New York City, USA — The suicide rate among New York cab drivers skyrocketed in the past few years as they struggle to pay their debt and earn a living. Powerful industry leaders put ridesharing services like Uber and Lyft to blame – but a recent New York Times investigation says otherwise.
The report shows that the financial crisis can be traced back to a handful of industry officials who artificially inflated the price of a medallion – which eventually leads to a damning collapse.
Over the last ten years, powerful leaders duped thousands of cab drivers with reckless loans and made millions of dollars. In fact, the price of a medallion reached more than $1 million. Their poor and corrupt business practice generated huge profits and made themselves multimillionaires.
All of these at the expense of thousands of cab drivers.
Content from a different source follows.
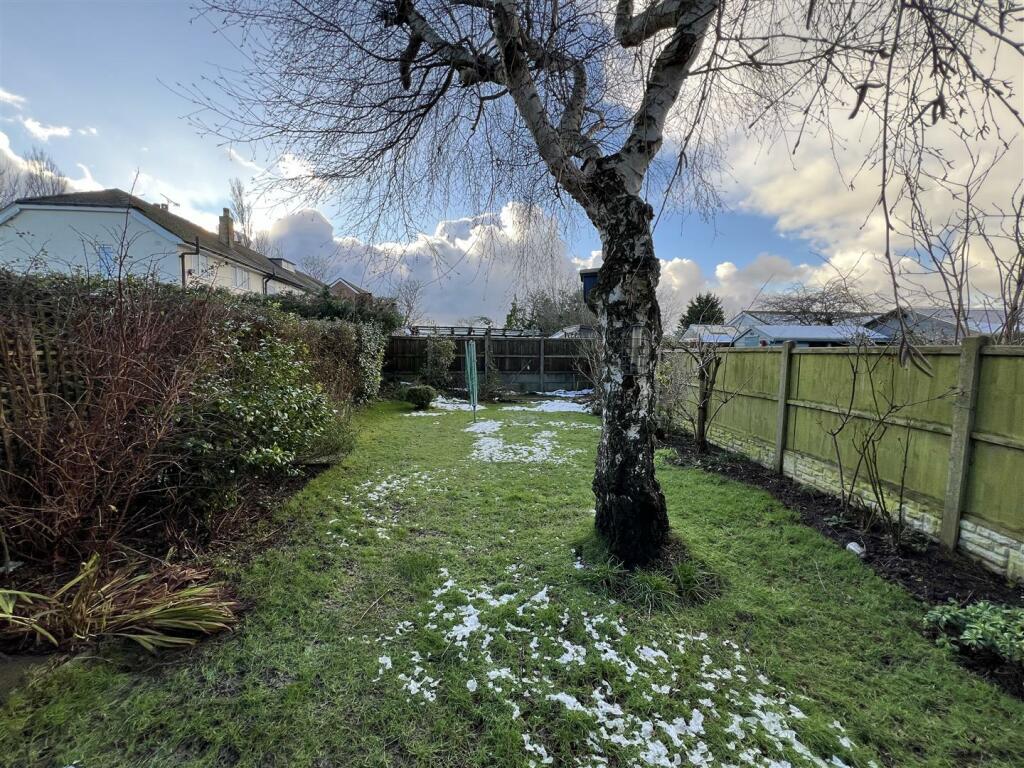 Additional image 21 of Whaley Lane, Irby, Wirral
Nowadays, these taxi medallions are worth less than $200,000. With the plummeting value of these permits, many retiring cab drivers find themselves trapped with a million-dollar debt they are unable to pay. More than 950 medallion owners have filed for bankruptcy and thousands more barely getting by.
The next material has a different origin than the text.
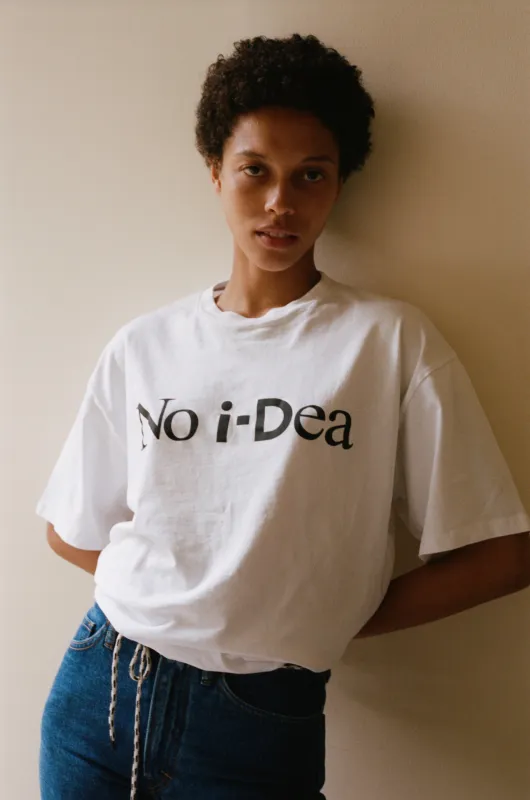 No i-Dea T sold by ARIES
Following this alarming information, the state attorney general’s office said Monday it had opened an inquiry to determine if the lenders engaged in any illegal activity.
“These allegations are serious and must be thoroughly scrutinized,” an office spokeswoman stated.
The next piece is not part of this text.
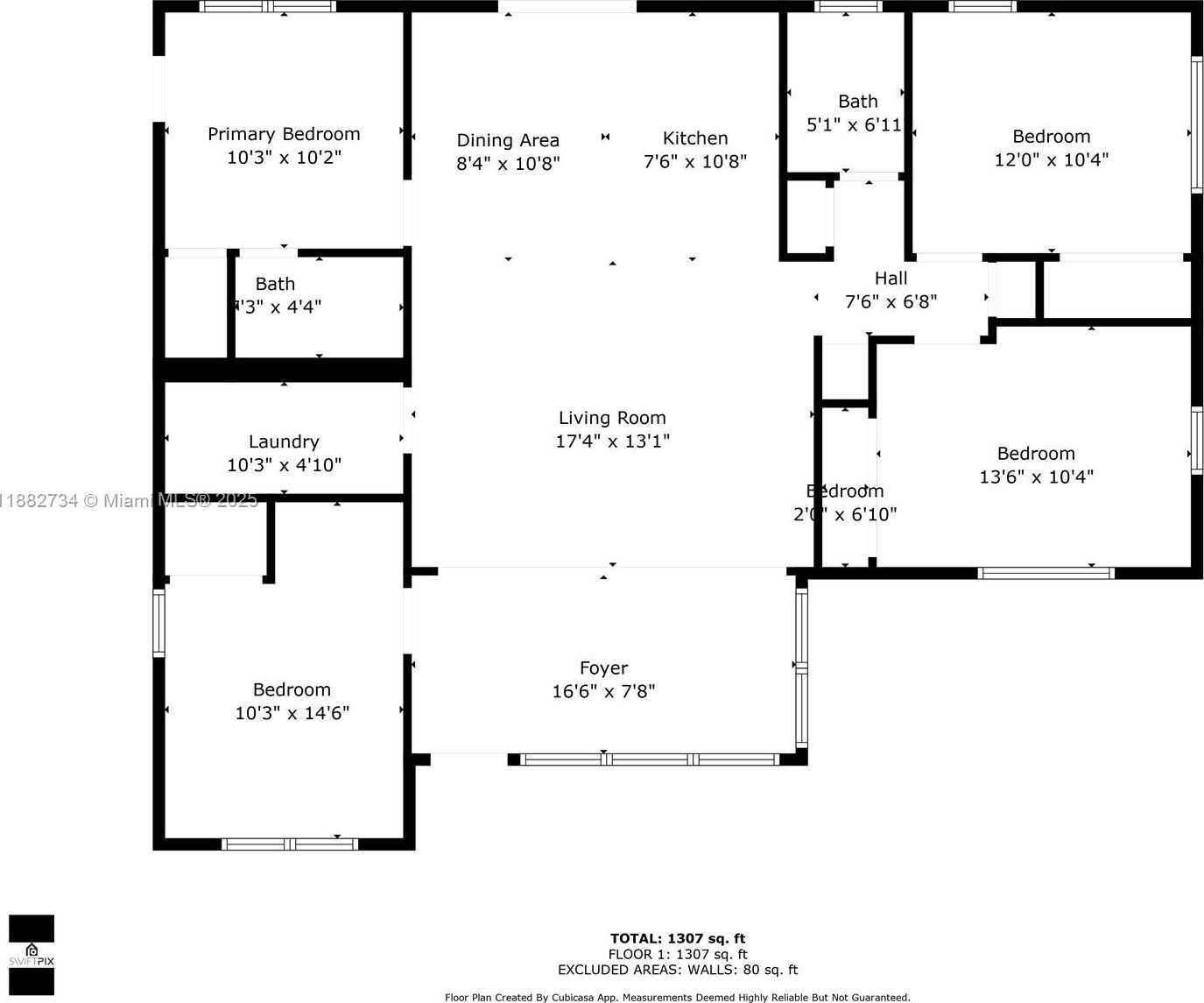 Small Image of 2281 SOUTH WEST 15TH ST, Fort Lauderdale Number 38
Mayor Bill de Blasio also launched a 45-day review which aims to “identify and penalize brokers who have taken advantage of buyers and misled city authorities”. Furthermore, the mayor states that the results of the investigation will help set down strict new rules that will prevent industry leaders from hurting hard-working drivers.
“It’s unacceptable to prey on hardworking New Yorkers trying to support their families and we’ll do all that we can to put an end to it,” the mayor said.
City councilor Mark Levine reveals that he is currently drafting a bill that would force lenders to sell at discounted prices. “We have an obligation now to find some way to offer relief to the driver-owners whose lives have been ruined,” he said.
As of now, lenders have not given any response to the controversy.